### EXERCISE DIRECTIONS:
Since only the words are wanted, reproduce every entry exactly and leave the images behind.

### PROVIDED ENTRIES:

────

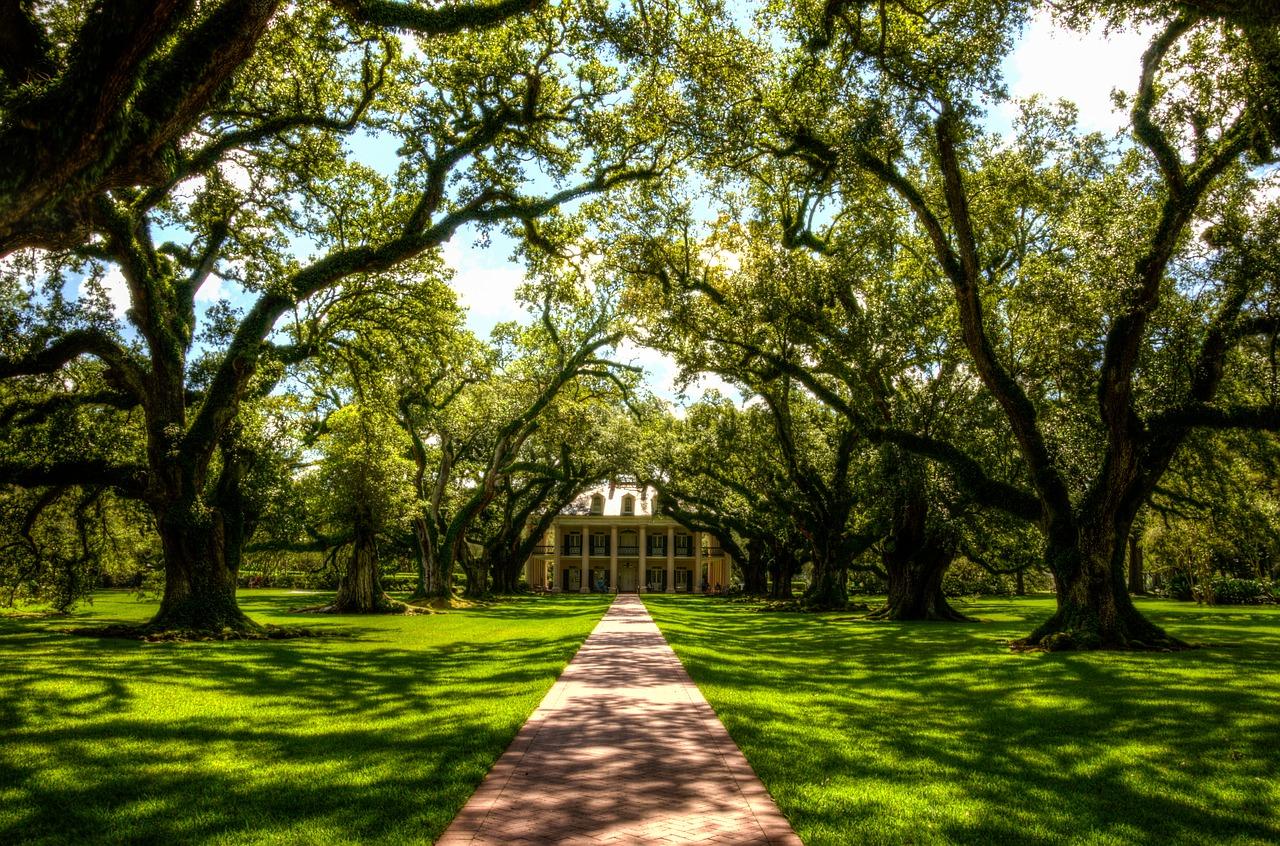 school trip louisiana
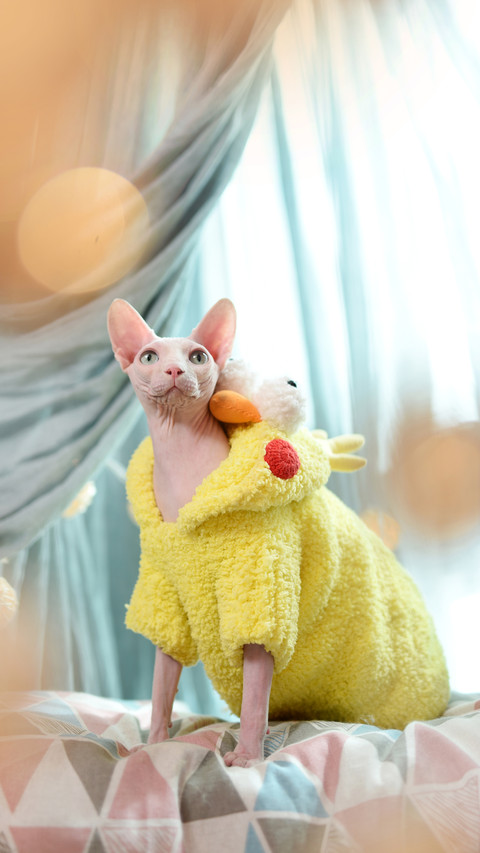 Little alien cat hairless cat comes too 1 preview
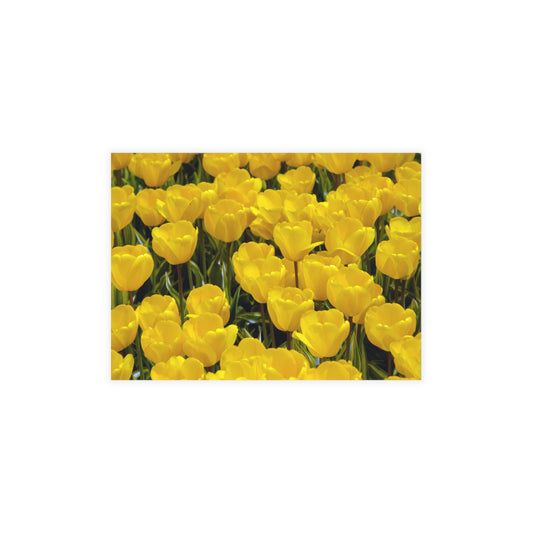 Flowers 24 Greeting Card Bundles (envelopes not included)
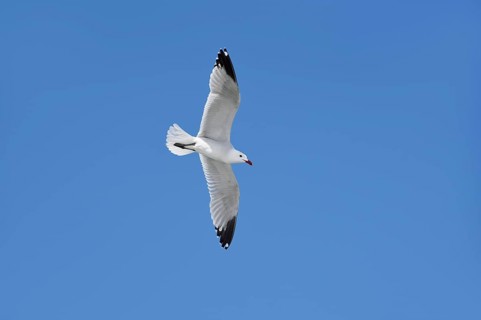 Audouin's gull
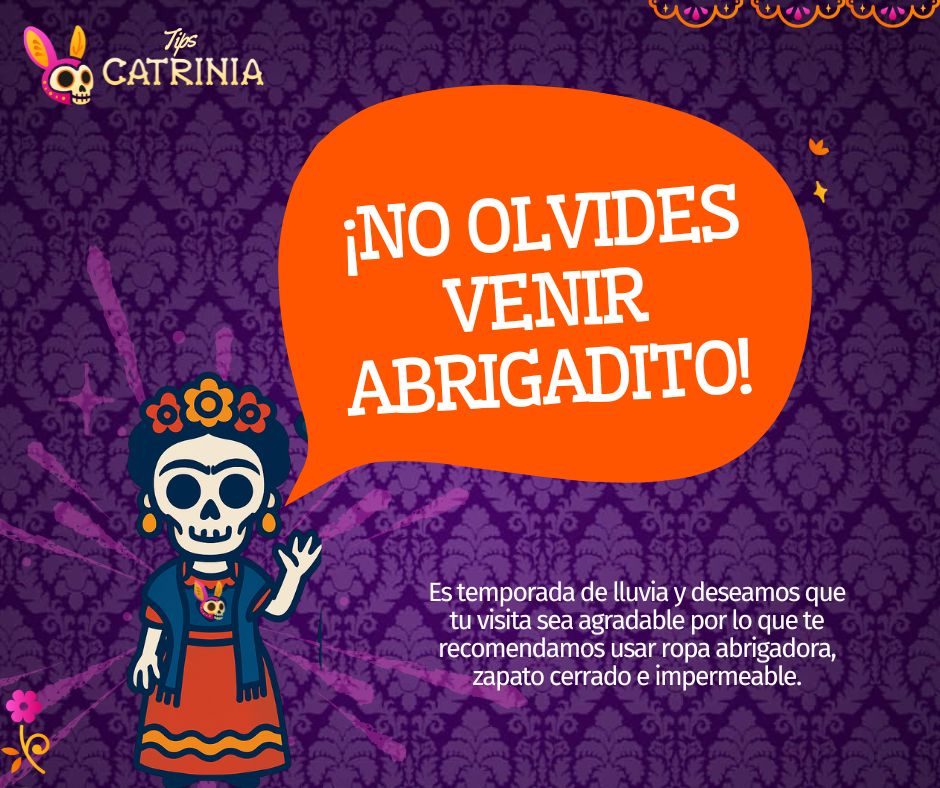 contenido catrinia (1)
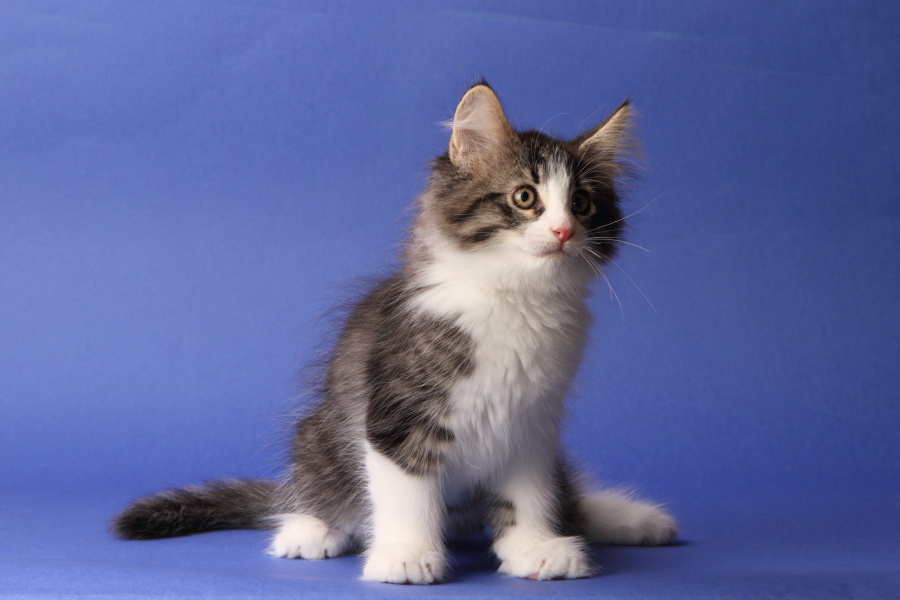 Merlin (69 Tage alt)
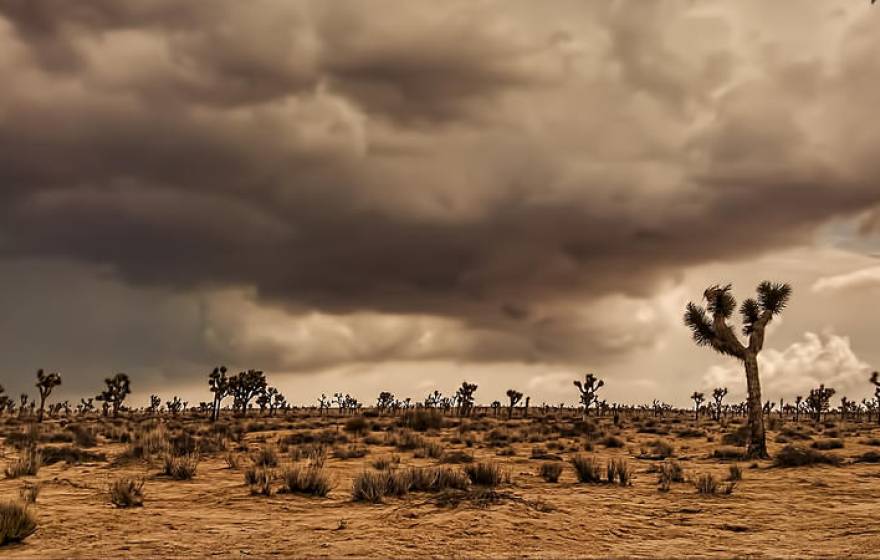 desert landscape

────

### RESPONSE:
 school trip louisiana
 Little alien cat hairless cat comes too 1 preview
 Flowers 24 Greeting Card Bundles (envelopes not included)
 Audouin's gull
 contenido catrinia (1)
 Merlin (69 Tage alt)
 desert landscape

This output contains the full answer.